SOURCE DATA:
=-=-=-=-=

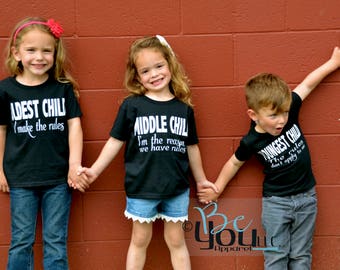 oldest middle youngest; sibling shirts; sibling shirts set of 3; sibling outfits; I make the rules; I'm the reason we have rules; matching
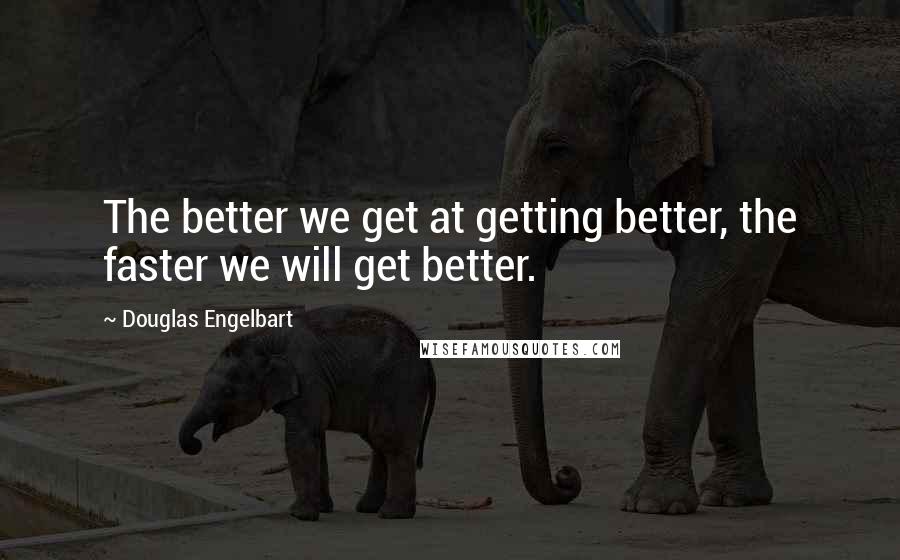 Douglas Engelbart Quotes: The better we get at getting better, the faster we will get better.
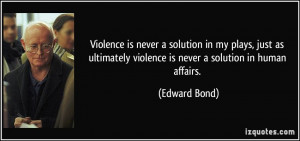 Violence is never a solution in my plays, just as ultimately violence ...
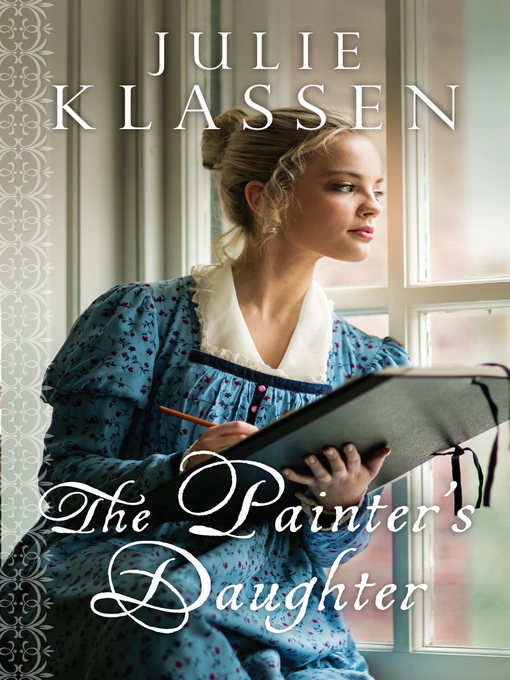 Title details for The Painter's Daughter by Julie Klassen - Available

=-=-=-=-=

AIM OF THE TASK:
Each line above gets copied exactly; leave the pictures out.

RESULT:
 oldest middle youngest; sibling shirts; sibling shirts set of 3; sibling outfits; I make the rules; I'm the reason we have rules; matching
 Douglas Engelbart Quotes: The better we get at getting better, the faster we will get better.
 Violence is never a solution in my plays, just as ultimately violence ...
 Title details for The Painter's Daughter by Julie Klassen - Available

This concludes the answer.